18. A roll assembly for use in a continuous hot-dip plating apparatus according to
Claim 17, wherein the wet contact angle of said ceramics to said melt of said plating
metal is not greater than 90°.
19. A roll assembly for use in a continuous hot-dip plating apparatus according to
Claim 17, wherein said ceramics is made of ceramic material of oxide type or carbide
type.
20. A roll assembly for use in a continuous hot- dip plating apparatus (10), said
assembly including bearings held in a bath (16) of a melt of a plating metal, and
a roll rotatably supported in said bath by said bearings, wherein at least one of
each sliding surface of roll shaft (18) and the sliding surface of the associated
bearing is made of a porous ceramics having open pores formed thereon.
21. A roll assembly for use in a continuous hot-dip plating apparatus according to
Claim 20, wherein said ceramics material has a porosity ranging between 5 and 30%.
22. A roll assembly for use in a continuous hot-dip plating apparatus (10), said
assembly including bearings held in a bath (16) of a melt of a plating metal, and
a roll rotatably supported in said bath by said bearings, wherein at least one of
each sliding surface of roll shaft (18) and the sliding surface of the associated
bearing is made of a ceramics having fine holes formed thereon.

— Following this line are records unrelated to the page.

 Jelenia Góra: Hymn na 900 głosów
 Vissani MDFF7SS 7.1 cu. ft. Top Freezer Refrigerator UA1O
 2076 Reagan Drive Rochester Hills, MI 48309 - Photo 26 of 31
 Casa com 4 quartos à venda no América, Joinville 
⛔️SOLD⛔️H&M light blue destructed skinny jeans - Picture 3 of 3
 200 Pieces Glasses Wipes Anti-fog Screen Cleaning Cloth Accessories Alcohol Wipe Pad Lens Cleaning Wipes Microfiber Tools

23. A roll assembly for use in a continuous hot-dip plating apparatus according to
Claim 22, wherein said fine hole has a diameter of 20 to 500 µm, a depth which is
greater than half of the diameter, spacing between the centers of adjacent holes of
at least 2.5 times as great as the diameter, and the ratio of the area of the surface
occupied by said holes of 5 to 30%.
24. A roll assembly for use in a continuous hot-dip plating apparatus according to
Claim 22, wherein said fine holes are formed by processing by means of a laser beam.
25. A roll assembly for use in a continuous hot-dip plating apparatus according to
Claim 22, wherein said fine holes are formed by processing by means of a discharge
electrode.
26. A roll assembly for use in a continuous hot-dip plating apparatus (10), said
assembly including bearings held in a bath (16) of a melt of a plating metal, and
a roll rotatably supported in said bath by said bearings, wherein at least one of
each sliding surface of roll shaft (18) and the sliding surface of the associated
bearing is made of a ceramics having fine grooves formed thereon.

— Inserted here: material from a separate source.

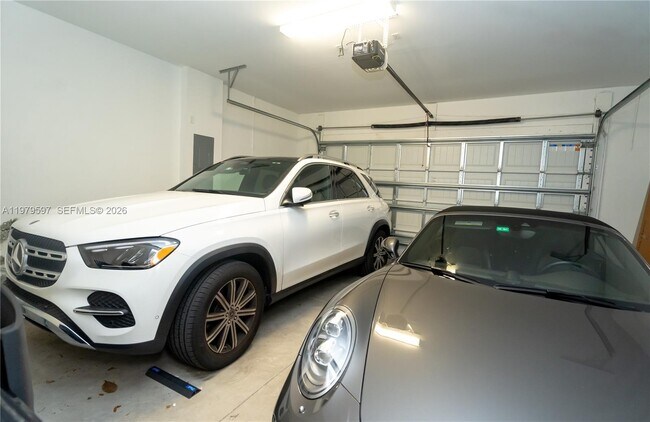 Building Photo - 11826 SW 13th Ct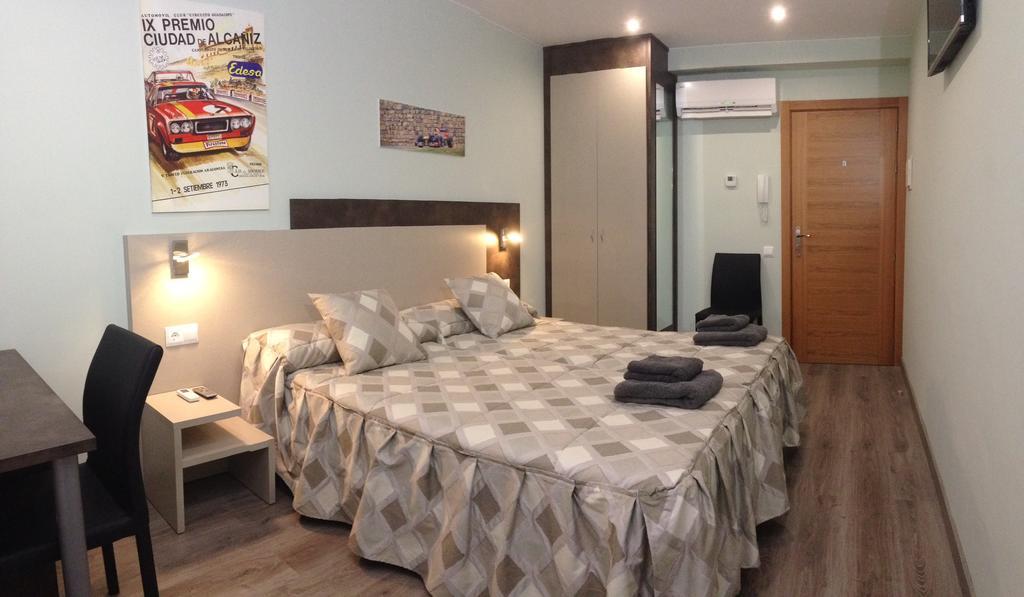 Apartamentos De Turismo Rural Las Eras Castelserás Exteriér fotografie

27. A roll assembly for use in a continuous hot-dip plating apparatus according to
Claim 26, wherein said fine groove has a width of 20 to 500 µm, a depth which is greater
than half of the width, spacing between the centers of adjacent grooves of at least
2.5 times as great as the diameter, and the ratio of the area of the surface occupied
by said holes of 5 to 30%.
28. A roll assembly for use in a continuous hot-dip plating apparatus according to
Claim 26, wherein said fine grooves are formed by processing by means of a laser beam.
29. A roll assembly for use in a continuous hot-dip plating apparatus according to
Claim 26, wherein said fine grooves are formed by processing by means of a discharge
electrode.
30. A roll assembly for use in a continuous hot-dip plating apparatus according to
any one of Claims 22 to 29, wherein said ceramics has been ground after formation
of said holes or grooves.
31. A roll assembly for use in a continuous hot-dip plating apparatus according to
any one of Claims 20 to 30, wherein said ceramics is impregnated with said melt of
said plating metal which is charged in said open pores, said fine holes or said fine
grooves in advance of the use of said roll assembly.

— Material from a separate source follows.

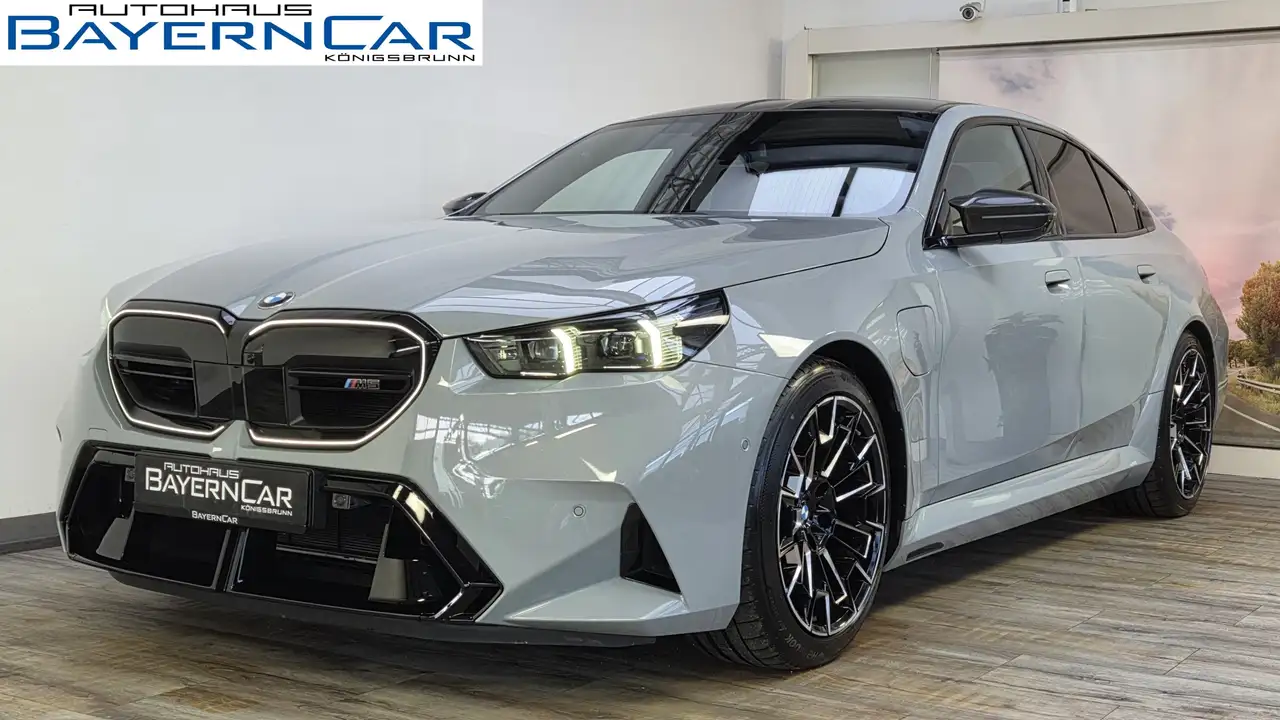 BMW M5 0,5% AHK Sitzlüft.B&W MultiSeats CarbonExt.
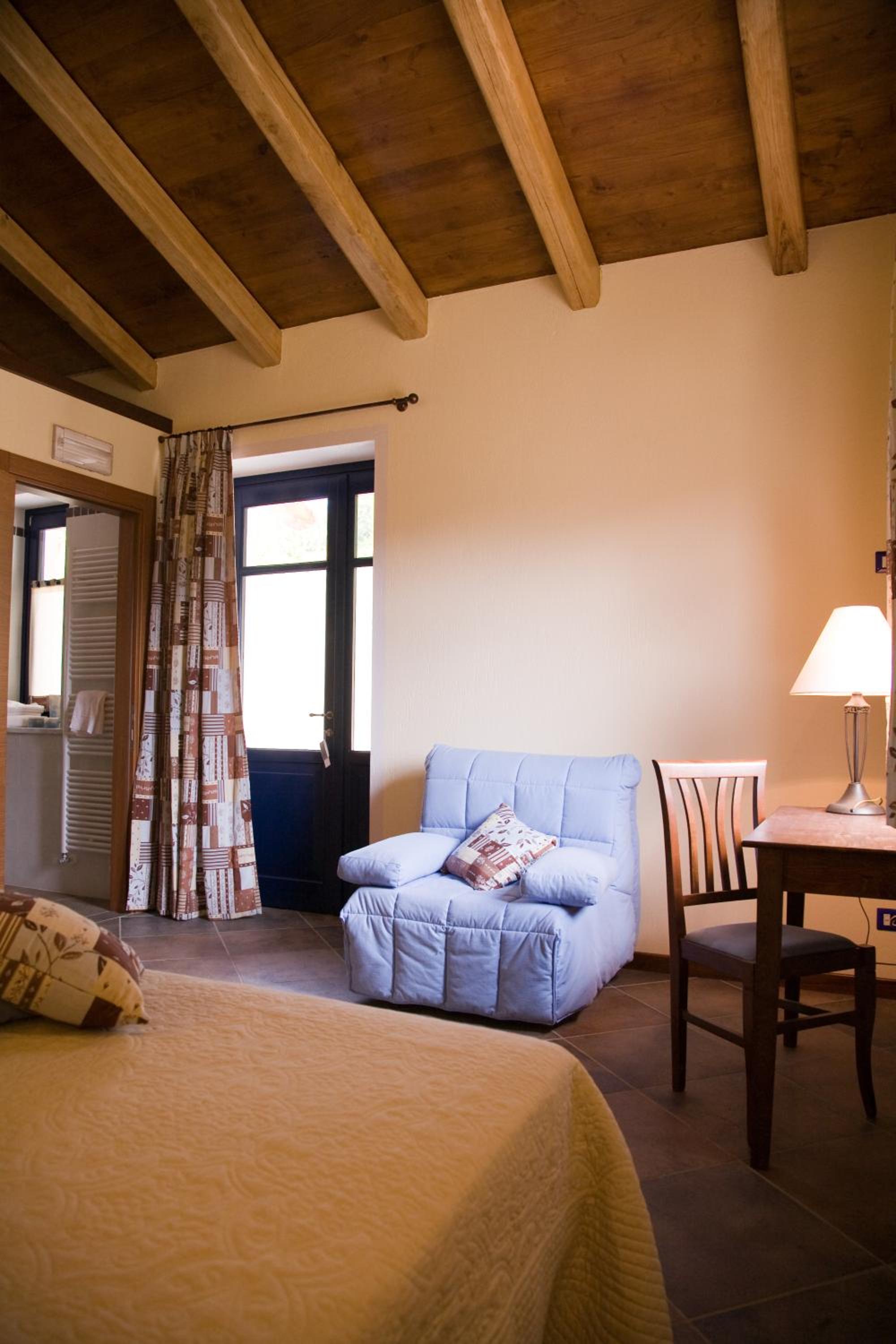 Double Room - Photo 9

32. A roll assembly for use in a continuous hot-dip plating apparatus according to
any one of Claim 31, wherein the impregnation is conducted in an atmosphere of a reduced
pressure.
33. A continuous hot-dip plating apparatus comprising a sink roll and at least one
support roll placed in a bath of melt of a plating metal, wherein said sink roll is
constructed together with said bearings as the sink roll device as set forth in any
one of Claims 17 to 32.
34. A continuous hot-dip plating apparatus comprising a sink roll and at least one
support roll placed in a bath of melt of a plating metal, wherein at least one of
said support rolls is constructed together with said bearings as the support roll
device as set forth in any one of Claims 17 to 32.